Modernist ambiguity, or realist emotional ambivalence, is unknown to Tolkien—the good people are very good, the bad people very bad, and though occasionally a character may be tossed between good and evil, like Gollum, it is self-interest, rather than conscience, that makes him tip back and forth. Betrayal and temptation happen; inner doubts do not. Gandalf and Aragorn never say, as even the most patriotic real-world general might, “I don’t know which side I should be on, or, indeed, if any side is worth taking.” Nor does any Mordor general stop to reflect, as even many German officers did, on the tension between duty and morality: there are no Hectors, bad guys we come to admire, or Agamemnons, good guys we come to deplore. (Comic-book moralities, despite their reputation, are craftier; the “X-Men” series is powerful partly because it’s clear that, if you and I were mutants, we would quite possibly side with the evil Magneto.)

Adam Gopnik.

It’s okay not to like Tolkien — it really is — but what I find annoying is that so many of the people who criticize him do so by saying things that are manifestly untrue. It obviously is conscience that troubles Gollum, his awareness that Frodo is a “Good Master” who deserves to be obeyed or at least treated honestly. (Moreover, Gollum and Frodo are bound by a shared suffering.) While it’s true that Aragorn has no “inner doubts” about whether Sauron might be a nice guy after all, he is afflicted by many doubts about his own role in the story, his own fitness to lead. Boromir doubts the wisdom of the Council, and can’t overcome those doubts. The doubts of his father Denethor consume him and send him over the edge and into despair. And of course Gopnik has forgotten completely about Saruman, who at a slightly earlier stage in the story than the one told in LOTR proper was a leader among the Wise — along with Gandalf, Elrond, and Galadriel — before undergoing corruption.

It has just become the tale that middle-to-highbrow critics tell — ever since Edmund Wilson was saying his own manifestly untrue things about Tolkien in the New Yorker fifty years ago — that Tolkien’s fictional world is morally simplistic and rigidly Manichaean.
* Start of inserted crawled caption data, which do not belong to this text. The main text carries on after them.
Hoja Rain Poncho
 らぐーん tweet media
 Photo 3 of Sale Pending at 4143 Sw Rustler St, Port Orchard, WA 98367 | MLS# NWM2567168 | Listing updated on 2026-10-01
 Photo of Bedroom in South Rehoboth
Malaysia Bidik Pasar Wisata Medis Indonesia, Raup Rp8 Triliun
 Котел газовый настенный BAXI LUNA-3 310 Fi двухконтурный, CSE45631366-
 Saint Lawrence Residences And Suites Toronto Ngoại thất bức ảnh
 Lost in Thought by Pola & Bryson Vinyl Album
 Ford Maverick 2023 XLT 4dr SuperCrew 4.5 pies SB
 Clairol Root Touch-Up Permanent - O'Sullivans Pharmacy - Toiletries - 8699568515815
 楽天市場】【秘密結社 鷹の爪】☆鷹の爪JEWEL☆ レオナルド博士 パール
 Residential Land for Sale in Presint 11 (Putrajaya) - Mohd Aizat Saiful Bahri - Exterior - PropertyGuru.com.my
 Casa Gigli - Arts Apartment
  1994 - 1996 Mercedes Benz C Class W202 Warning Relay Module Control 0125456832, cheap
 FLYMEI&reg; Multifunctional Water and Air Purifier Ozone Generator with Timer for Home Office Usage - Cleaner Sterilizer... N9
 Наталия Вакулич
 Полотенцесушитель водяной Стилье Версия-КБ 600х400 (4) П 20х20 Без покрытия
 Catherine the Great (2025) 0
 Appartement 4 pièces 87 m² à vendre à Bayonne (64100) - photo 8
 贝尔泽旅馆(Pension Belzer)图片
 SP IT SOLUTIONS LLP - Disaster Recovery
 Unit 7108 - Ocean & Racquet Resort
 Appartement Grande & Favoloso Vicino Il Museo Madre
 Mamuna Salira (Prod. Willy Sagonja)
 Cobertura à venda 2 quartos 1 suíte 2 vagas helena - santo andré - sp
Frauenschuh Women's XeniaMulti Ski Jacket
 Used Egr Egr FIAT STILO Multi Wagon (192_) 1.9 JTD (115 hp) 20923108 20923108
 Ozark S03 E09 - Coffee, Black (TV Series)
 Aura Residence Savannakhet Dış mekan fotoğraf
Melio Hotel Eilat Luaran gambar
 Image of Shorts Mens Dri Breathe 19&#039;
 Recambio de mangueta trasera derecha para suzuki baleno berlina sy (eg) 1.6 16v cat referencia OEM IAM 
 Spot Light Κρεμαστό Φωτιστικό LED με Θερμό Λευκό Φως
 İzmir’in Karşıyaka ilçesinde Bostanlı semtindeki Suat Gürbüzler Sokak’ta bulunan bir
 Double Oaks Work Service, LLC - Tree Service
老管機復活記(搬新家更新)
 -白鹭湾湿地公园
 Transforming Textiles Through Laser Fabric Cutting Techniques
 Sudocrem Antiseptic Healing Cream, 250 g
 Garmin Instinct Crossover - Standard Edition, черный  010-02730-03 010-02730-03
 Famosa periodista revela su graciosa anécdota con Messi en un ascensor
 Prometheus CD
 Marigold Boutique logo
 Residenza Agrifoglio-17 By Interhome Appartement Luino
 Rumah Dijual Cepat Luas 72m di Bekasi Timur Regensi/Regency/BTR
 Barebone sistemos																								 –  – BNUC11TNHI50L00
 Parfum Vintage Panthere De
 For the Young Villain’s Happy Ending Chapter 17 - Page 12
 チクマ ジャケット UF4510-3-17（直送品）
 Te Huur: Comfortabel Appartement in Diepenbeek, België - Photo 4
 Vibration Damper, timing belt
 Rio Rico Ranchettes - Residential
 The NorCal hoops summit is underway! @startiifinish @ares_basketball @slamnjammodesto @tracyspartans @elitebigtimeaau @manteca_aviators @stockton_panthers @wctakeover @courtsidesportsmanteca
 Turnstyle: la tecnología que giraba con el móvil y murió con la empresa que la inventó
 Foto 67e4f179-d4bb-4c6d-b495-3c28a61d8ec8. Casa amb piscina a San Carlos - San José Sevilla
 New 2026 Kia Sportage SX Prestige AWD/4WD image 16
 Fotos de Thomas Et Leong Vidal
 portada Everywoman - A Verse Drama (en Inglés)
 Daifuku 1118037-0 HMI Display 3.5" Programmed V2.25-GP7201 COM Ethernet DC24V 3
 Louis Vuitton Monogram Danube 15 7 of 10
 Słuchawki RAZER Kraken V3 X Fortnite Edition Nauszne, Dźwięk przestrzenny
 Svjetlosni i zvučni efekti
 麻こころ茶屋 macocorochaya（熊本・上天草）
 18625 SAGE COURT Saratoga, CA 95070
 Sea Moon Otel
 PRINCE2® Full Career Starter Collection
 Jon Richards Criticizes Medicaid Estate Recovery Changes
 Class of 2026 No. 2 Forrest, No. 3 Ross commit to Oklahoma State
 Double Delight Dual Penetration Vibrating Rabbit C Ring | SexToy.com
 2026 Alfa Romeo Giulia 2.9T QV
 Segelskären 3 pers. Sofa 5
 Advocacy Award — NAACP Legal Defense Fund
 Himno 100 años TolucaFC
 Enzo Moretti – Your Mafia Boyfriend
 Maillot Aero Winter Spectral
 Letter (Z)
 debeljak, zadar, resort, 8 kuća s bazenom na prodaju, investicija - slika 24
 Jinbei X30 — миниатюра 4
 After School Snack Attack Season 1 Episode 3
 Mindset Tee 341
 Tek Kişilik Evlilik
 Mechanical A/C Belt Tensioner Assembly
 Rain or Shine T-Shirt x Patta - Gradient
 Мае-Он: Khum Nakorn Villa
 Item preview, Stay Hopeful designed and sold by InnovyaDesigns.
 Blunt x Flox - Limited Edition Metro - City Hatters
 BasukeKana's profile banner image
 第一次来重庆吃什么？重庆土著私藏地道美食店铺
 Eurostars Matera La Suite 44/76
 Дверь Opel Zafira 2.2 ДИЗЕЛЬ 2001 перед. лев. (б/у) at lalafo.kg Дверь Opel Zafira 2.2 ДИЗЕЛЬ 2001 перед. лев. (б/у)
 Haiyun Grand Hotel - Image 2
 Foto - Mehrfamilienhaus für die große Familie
It may be true that the story of the Ring is less morally ambiguous than the average realistic novel, but that’s primarily because Tolkien wasn’t especially interested in the problem of knowing right from wrong. His concern was to explore the psychology of the moment when you know right from wrong but aren’t sure whether you have the courage and fortitude to do the right thing.

Modern liberalism likes to think that all our problems are epistemological: we are afflicted by never knowing with sufficient clarity what we ought to do. Our fictions tend to reflect that assumption. Tolkien, not being a modern liberal, thought it more interesting to explore situations when people know what they need to know but may lack the strength of will to act on that knowledge. He might say, and with some justification, that contemporary literary fiction is not simplistic in regard to such problems but oblivious to them.